Demand more attention to yourself
Allow yourself to be moody or finicky with those who love you. It is very important. You have a right to this weakness (the main thing is not to abuse it). This is how you develop the habit of those around you to be considerate of you. Remember that you are the most important person in the family and this should be appreciated.
3. Develop habits that make you happier
For dopamine production
1. Celebrate small victories. You are making some progress every day. Therefore, try to see them and say to yourself: "I did it!".
2. Move towards new goals gradually. Take 10 minutes a day to start with a new goal, and you will feel the joy of movement instead of discouragement and momentum. But devote time to action, not daydreaming. These 10 minutes will provide a rush of dopamine, new neural connections will be built.
3. Be objective: don't overestimate or underestimate your bar. Positive emotions overwhelm you when the task or problem facing you is within your reach.
If the basketball hoop is hanging too low, you won't get much pleasure from hitting it with the ball. If it is too high, there will be no point in even trying to put the ball into the basket. Therefore, if you do not feel the joy of some victories, the difficulty level may be too low or too high for you.
For the production of endorphins
1. Laugh. Sincere laughter is essential to kickstart the endorphin production mechanism. Observe yourself, find out what makes you laugh, and try to use it regularly. If these are humorous programs or comedies - watch them, if a group of friends - meet more often.
2. Cry. Don't do it on purpose. But if you feel like crying, then do not restrain yourself thinking that this is stupid or is a manifestation of weakness.
3. Add variety to your exercise routine. This is how different muscle groups are involved, stimulating the production of endorphins.
For the production of oxytocin
1. Do massage and self-massage regularly.
2. Pay attention to your friends and go to meetings. Every little action you take to strengthen your friendship with another person triggers a rush of oxytocin.
Divorce lawyers deliberately initiate small positive interactions between spouses and, as a result, often seek agreement between them.
For the production of serotonin
1. Be proud of what you did. Be sure to express your satisfaction with your actions once a day, or share your pride with those around you.
2. Remember happy moments. Look at old photographs or re-read diary entries from those pleasant days. This simple action increases the synthesis of serotonin.
3. Learn to appreciate your position, whatever it may be. When you are subordinate to someone, find your advantages, such as lack of responsibility. And if you are in a dominant position, enjoy others' respect and choice. In other words, find the positive in any situation.

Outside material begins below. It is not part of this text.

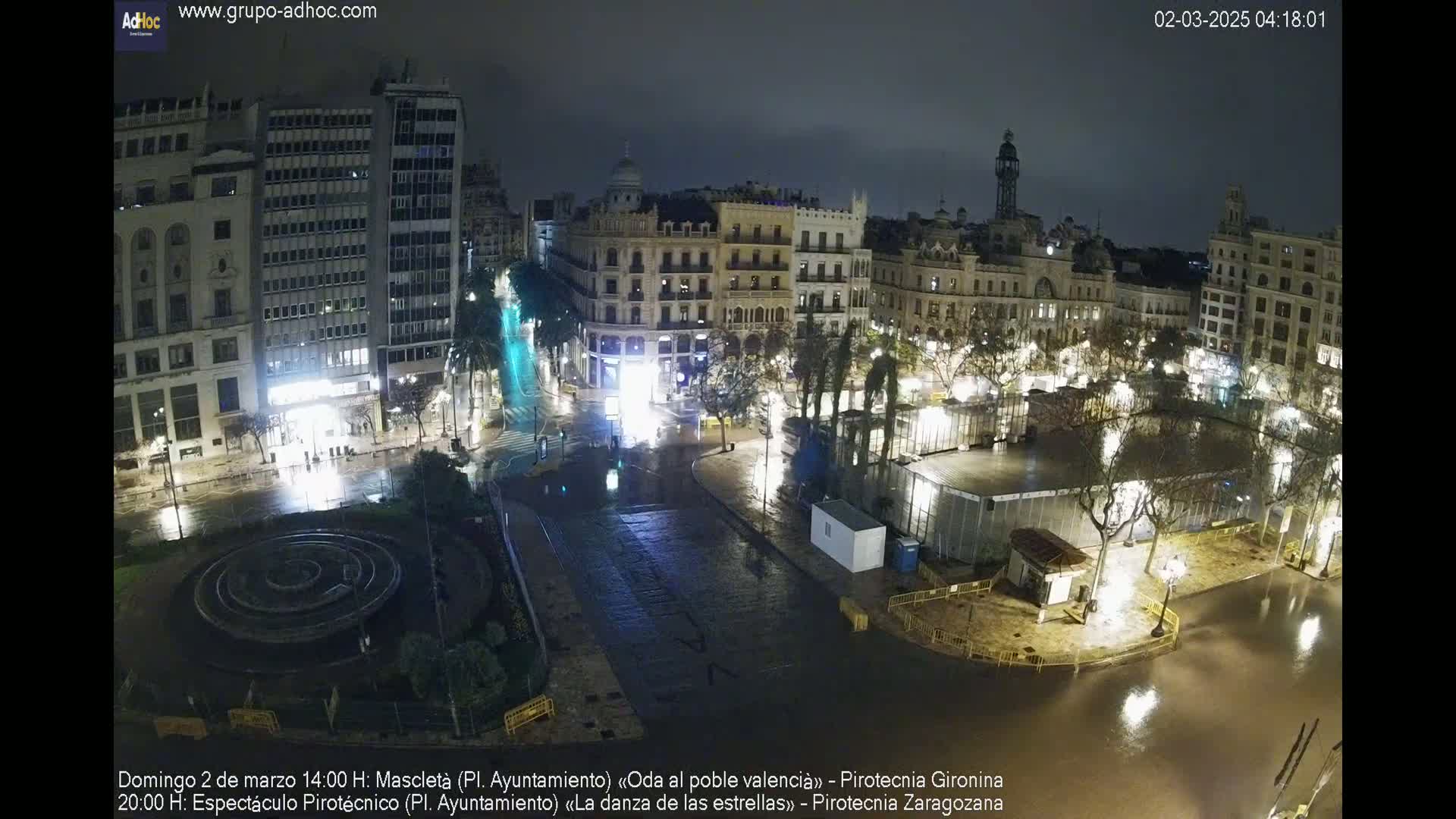 A nighttime, rain-soaked city square with buildings illuminated, a fountain in the center, and temporary structures set up.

4. Take a short break once a day to assess the benefits you are bringing to others. Try not to draw attention to this and not make statements like: "I told you!" Just look for even the smallest signs of respect and feel satisfied with them.

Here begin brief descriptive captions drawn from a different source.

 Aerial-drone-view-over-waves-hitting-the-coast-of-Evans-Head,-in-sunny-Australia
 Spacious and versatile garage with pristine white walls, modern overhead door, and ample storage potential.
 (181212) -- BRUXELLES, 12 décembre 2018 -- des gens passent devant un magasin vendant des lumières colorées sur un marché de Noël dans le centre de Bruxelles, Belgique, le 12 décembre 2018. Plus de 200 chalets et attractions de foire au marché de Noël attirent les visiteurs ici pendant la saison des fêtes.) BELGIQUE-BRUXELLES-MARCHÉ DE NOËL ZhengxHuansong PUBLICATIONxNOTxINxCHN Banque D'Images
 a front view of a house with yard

5. Relax if you can't control everything. This is how our brain works: it feels good when it controls the situation. Learn to feel safe even when not everything is in control. To create such a neural circuit, pay attention to the moments when you strive for control over everything, and do exactly the opposite.
For example, experiment with time like this:
- Start any business without limiting the time of its completion in advance. The case ends when you think it's over.

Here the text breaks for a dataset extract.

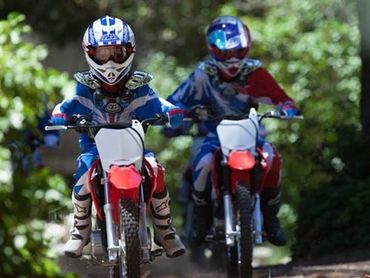 Two kids riding dirt bikes in protective gear on a trail.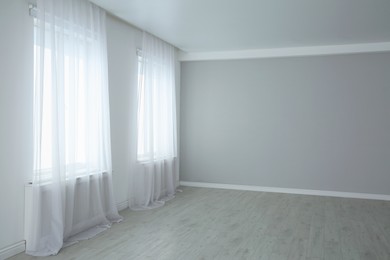 Empty room with large windows and laminated floor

- Set aside a period of time each day when you can act without any plan.
- Define days for yourself when you can wake up without looking at the alarm and do your usual things without checking the clock.
Remember, the brain needs all four hormones of joy. Therefore, balance your habits and add variety even to your hobbies. If you like to photograph, then you can induce a rush of dopamine by constantly looking for new angles, to activate the production of oxytocin - by sharing work with others, and serotonin - by showing them at exhibitions.